= Sillanpään marssilaulu =

Sillanpään marssilaulu (Finnish) is a Finnish patriotic song composed by Aimo Mustonen, with words by Frans Emil Sillanpää.

A few months before the start of Winter War, the Finnish Army held extra war training for its troops. One day, Sillanpää watched as some troops passed his house, singing a quite non-military song Maailman Matti. Sillanpää became frustrated, he wondered why the Finnish soldiers did not sing something more fitting to the age of war they lived. Almost immediately, he wrote new, far more patriotic words to the Maailman Matti theme. The new words of Maailman Matti were published by the Suomen Kuvalehti-magazine, catching the eye of captain Palmroth of the Finnish Defence Forces. Palmroth immediately recognized the potential of the song, thinking it was perfect for raising the morale of the Finnish forces. He quickly organized a composing contest to create a more fitting theme for Sillanpää's song.

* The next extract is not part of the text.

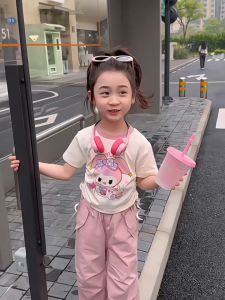 Beryl kids🌸ชุดเซ็ทเด็กผู้หญิงแฟชั่น🎀เสื้อแขนสั้นลายคุโรมิกางเกงคาร์โก้ สไตล์เกาหลี งานดี ใส่สบาย ฤดูร้อน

Rising out of obscurity was Aimo Mustonen, winning over many well-known composers. The coming of winter war proved Palmroth's instinct correct, as Sillanpään marssilaulu became a huge success among the Finnish troops.

While serving in certain units of the Finnish Army, conscripts are required to learn the lyrics. One such unit is the Reconnaissance Company of the Reserve Officer School in Hamina. Whenever the unit is moving in formation the officer students are required to sing Sillanpään marssilaulu.